Hier, tandis que nous effectuions une revue de détails du
potager, Nicole attira mon attention sur le comportement curieux d’une des brebis
que Raymond met à paître dans le terrain des Anglais de l’autre côté de la
route. Il est à noter que si, dans le cadre du Plan de Réorganisation du Potager
(PRP), je n’avais pas rabattu la haie de 1 m 60 à 1 m 20 nous n’aurions rien vu
de la scène. La bête était affalée sur le flanc tandis que ses pattes battaient
l’air sans grande conviction. A ses côtés, ses deux agneaux s’étaient couchés
normalement et rien dans leur comportement ne révélait la moindre inquiétude.

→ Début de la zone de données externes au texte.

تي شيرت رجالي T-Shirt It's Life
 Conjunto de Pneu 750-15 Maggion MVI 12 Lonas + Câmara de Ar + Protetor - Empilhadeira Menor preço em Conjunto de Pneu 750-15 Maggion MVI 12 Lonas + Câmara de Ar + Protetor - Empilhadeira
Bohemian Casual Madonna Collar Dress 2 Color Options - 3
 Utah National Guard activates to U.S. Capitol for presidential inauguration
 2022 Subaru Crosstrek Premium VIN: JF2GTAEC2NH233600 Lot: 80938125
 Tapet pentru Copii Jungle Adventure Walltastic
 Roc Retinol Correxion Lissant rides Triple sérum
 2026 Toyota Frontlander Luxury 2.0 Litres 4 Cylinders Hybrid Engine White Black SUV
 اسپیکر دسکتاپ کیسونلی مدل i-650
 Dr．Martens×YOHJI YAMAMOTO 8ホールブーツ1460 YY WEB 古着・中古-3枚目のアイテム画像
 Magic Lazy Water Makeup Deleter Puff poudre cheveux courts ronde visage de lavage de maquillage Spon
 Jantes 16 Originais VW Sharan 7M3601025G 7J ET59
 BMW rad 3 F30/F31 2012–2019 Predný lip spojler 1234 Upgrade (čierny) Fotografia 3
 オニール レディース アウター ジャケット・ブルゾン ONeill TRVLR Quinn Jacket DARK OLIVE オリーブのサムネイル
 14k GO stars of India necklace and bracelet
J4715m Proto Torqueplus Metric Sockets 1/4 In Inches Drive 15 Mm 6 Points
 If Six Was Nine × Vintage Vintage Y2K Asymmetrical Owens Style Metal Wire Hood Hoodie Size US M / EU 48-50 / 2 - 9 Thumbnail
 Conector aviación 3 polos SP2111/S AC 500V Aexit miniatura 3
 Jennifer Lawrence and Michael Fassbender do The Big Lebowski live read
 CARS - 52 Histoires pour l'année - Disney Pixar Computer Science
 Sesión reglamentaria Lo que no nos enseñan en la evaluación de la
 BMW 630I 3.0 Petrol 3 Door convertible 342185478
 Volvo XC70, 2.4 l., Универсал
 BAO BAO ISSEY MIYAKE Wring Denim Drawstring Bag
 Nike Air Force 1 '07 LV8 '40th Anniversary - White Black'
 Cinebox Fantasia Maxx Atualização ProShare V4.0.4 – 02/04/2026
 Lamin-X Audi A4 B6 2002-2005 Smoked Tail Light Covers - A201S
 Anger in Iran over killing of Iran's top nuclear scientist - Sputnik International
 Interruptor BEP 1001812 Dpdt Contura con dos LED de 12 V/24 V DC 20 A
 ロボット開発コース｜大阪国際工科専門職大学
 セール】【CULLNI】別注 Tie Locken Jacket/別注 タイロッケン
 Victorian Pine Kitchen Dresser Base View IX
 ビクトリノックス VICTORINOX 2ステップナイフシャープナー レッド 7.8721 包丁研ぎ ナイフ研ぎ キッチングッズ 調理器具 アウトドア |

Ce qui en dit long sur la sécheresse de cœur de ces animaux. Ma compagne insista
pour que j’aille prévenir Raymond du drame en cours. Personnellement je n’y
tenais pas plus que ça, persuadé que j’étais que la bête vivait ses derniers
instants et que son propriétaire n’y pourrait pas grand-chose. Je me remémorais
le Livre de l’Ecclésiaste qui dit si justement qu’« Il y a un temps pour tout, un moment pour chaque chose sous le soleil :
Un temps pour naître et un temps pour mourir, etc. », ce qui en dit en
dit long sur ma sècheresse de cœur. Toutefois je me laissai influencer et me
dirigeai vers sa maison. Ne voyant pas sa voiture, j’en déduisis qu’il n’était
pas là. Mais Nicole insista pour que je vérifie s’il ne se serait pas garé à un
endroit où on ne la verrait pas. Je fis
le tour de la propriété mais pas plus de Raymond que d’intérêt dans un discours
du président Hollande.
Je pensai arrêter là ma mission mais il me fut conseillé d’appeler
l’éleveur. Je m’y résignai et le fis. Ce fut sa moitié qui me répondit. Je lui
communiquai la triste nouvelle qu’elle me promit de transmettre à son mari. Quelques
minutes plus tard je le vis arriver. Sa promptitude me laissa pantois : était-il
doté de super-pouvoirs pour parvenir en si peu de temps à être prévenu et
à parcourir les quelques kilomètres séparant sa maison du lieu de son élevage ? Curieusement, plutôt que de se diriger vers
le lieu du drame par moi précisé à sa fidèle (du moins je l’espère) épouse, je
le vis prendre le chemin d’un autre pré. Je le hélai et lui demandai si on lui
avait communiqué mon message. A son air
étonné, je compris que non. Tout s’éclaira : en fait, lors de mon appel,
il était déjà en route… Je l’informai donc de l’infortune de sa brebis ce qui le
fit prendre au quasi-pas de course la direction du la pâture concernée. Je
retournai au potager voir comment les choses se passaient et fus étonné de voir
la brebis moribonde de nouveau sur pieds et, suivie de ses jumeaux, en train de
paître à belles dents. Celui que j’avais cru, l’espace d’un instant devoir
nommer Super Raymond m’expliqua que, s’étant gavée plus que de raison d’herbe
verte des collines, la brebis avait dû se coucher et que sa panse trop pleine
lui avait interdit de se relever. Sans une prompte intervention, la bête eût
normalement crevé. Je fus donc remercié. Un café nous fut proposé que nous
refusâmes et Raymond m’indiqua, qu’au cas où je verrais le cas se reproduire,
il me suffirait d’attraper la bête par la toison, de la faire rouler un peu de
manière à ce que ses pattes touchent le sol et qu’elle puisse se relever et
courir vers d’autres ripailles. L’idée de tripoter la laine répugnante de cette
gloutonne ne me disant rien, j’espère ne plus jamais être témoin d’un drame
similaire.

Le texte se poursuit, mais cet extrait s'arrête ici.